- **Dataset excerpts**
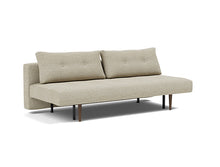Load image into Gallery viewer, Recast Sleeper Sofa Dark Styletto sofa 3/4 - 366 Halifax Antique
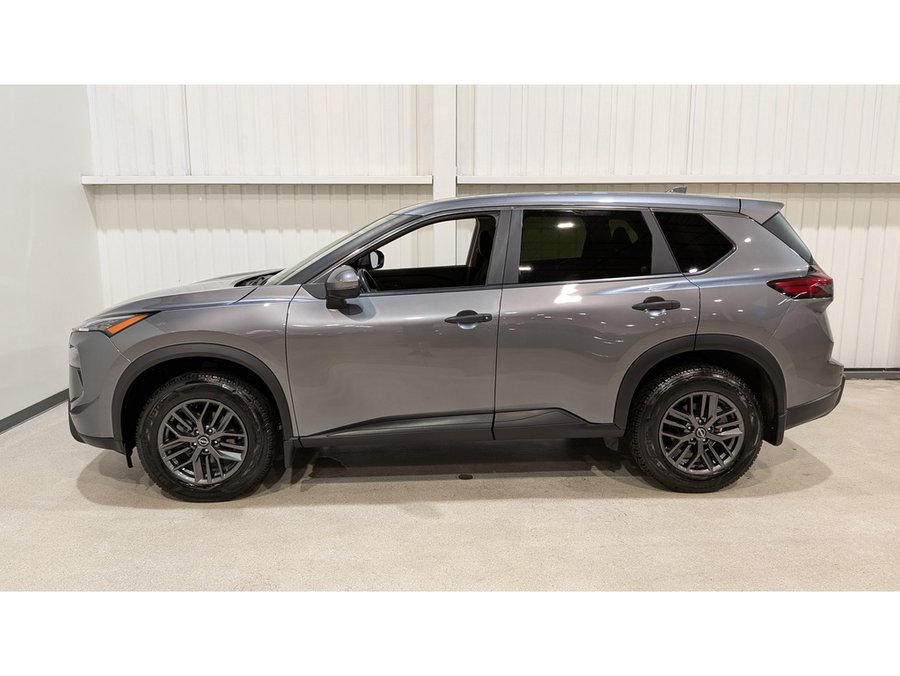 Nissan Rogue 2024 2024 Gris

* * *

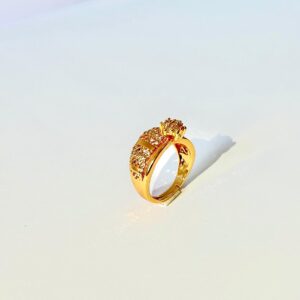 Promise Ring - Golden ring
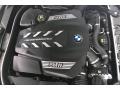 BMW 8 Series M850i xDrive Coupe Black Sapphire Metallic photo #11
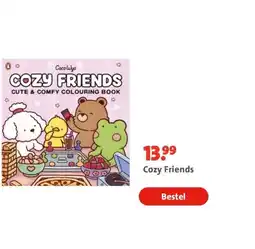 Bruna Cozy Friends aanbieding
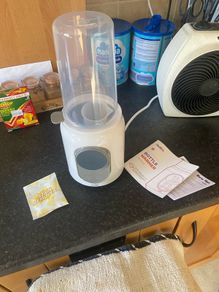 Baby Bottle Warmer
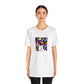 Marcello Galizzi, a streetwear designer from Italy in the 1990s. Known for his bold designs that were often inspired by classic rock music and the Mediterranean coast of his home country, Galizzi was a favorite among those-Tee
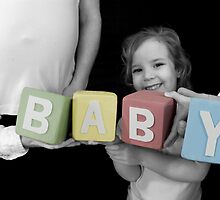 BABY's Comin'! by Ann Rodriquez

* * *

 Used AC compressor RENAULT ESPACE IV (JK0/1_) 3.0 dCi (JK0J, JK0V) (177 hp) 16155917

- **Instructions to follow**
Treat the line with "Marcello Galizzi, a" as the start and the line with "BABY's Comin'! by Ann Rodriquez" as the end, and return exactly that span of the data above, both ends included, without pictures.

- **Solved exercise**
 Marcello Galizzi, a streetwear designer from Italy in the 1990s. Known for his bold designs that were often inspired by classic rock music and the Mediterranean coast of his home country, Galizzi was a favorite among those-Tee
 BABY's Comin'! by Ann Rodriquez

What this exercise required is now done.